Without delay, we started the paperwork. There were visits from social workers, questionnaires to answer, and forms to complete, many of them in Russian. Because we live in Alaska, and trade with Russia was rapidly opening up, finding a translator was the easiest part of the saga that followed.
The first big challenge occurred when we received word from the Sakha Ministry of Education: An outbreak of hepatitis at the orphanage would delay our visit. We were concerned about our baby’s health, of course, yet there was nothing we could do.
By this time she was no longer “the baby” but Tate Hanna, and although we had never set eyes on her, in our hearts she was already our daughter. A few days later we received word that young Tate was healthy, that she had been removed from the orphanage, and was in the care of a retired nurse. However, we would not be allowed to travel until the hepatitis outbreak was over.
Summer came and went, and it was fall before we were allowed to visit. At the time, I was up for reelection as a state senator; we were relieved the Education Ministry made it possible for us to travel to Russia after the November election.
In late November, wearing our heaviest Arctic gear, we began the 10-hour flight from Anchorage to New York and then another 10 hours to Moscow. The U.S. State Department had not allowed us to fly more directly from Alaska to Siberia, so by the time we arrived in Moscow, we were exhausted.
The first stop was the U.S. Embassy. The large hall of the consular section was filled with worried adults and crying children. When our turn came to speak with the official, her first question was, “Where is your agent? When we told her we had no agent, she said we could not adopt without one.
We were stunned.
As most of the paper work from the Russian side had been completed and we had been in almost daily contact with the Sakha Ministry of Education, I asked her why we would need an agent. After much delay and furrowed brows, we found a supervisor who cut through the red tape, and we were on our way to the next leg of our epic journey: an 8-hour flight across Russia in a plane that looked every bit a converted bomber, with an inhospitable crew right out of Soviet central casting. The food was inedible, the smells overwhelming, and arrival at our destination seemed uncertain.
YAKUTSK, WARM AT 60 BELOW
After a tough flight and a rough landing, a surprise awaited us in Yakutsk. In spite of the -60 F Siberian weather, a young lady with a car and driver greeted us at the airport. Irina would be our interpreter during our stay in Yakutsk, and we would come to depend on her.

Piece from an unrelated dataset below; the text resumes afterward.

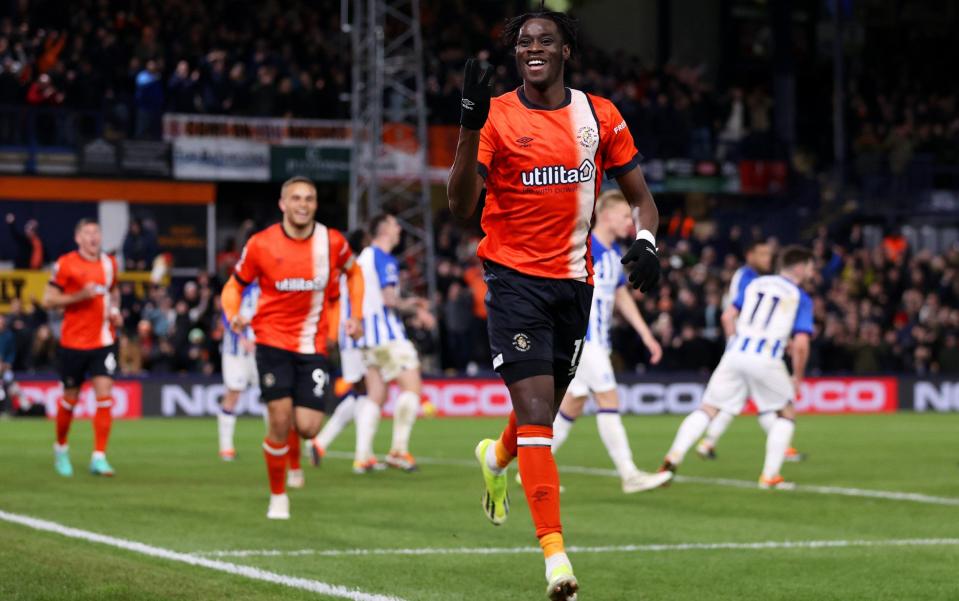 Elijah Adebayo of Luton Town celebrates scoring his hat-trick goal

We were in for an even greater surprise when we checked into the Hotel Ontario. Michael had visited Archangel in the late 1960s, and had prepared me to expect stark accommodations. “Bring your own toilet paper,” he had warned. Yet, this was a delightful place, and modern.
We badly needed sleep, having traveled almost completely around the world. We had heard that families going through adoption would often have to share tiny apartments with Russian families, and struggle to find food. Our accommodations were nothing like the stories.
Irina then announced to us that we were to attend a special dinner that evening. By now, we were totally confused. I took Irina aside and asked with whom we would be dining. She told me that it would be the minister of Education and her staff. My next question was why?
Irina laughed. The minister had recently visited the U.S. and had spent a day in Anchorage – the same day it was announced I had been chosen to be the next Senate President. That explained why we were being treated as visiting dignitaries.
Russians only need such an excuse to break out the vodka.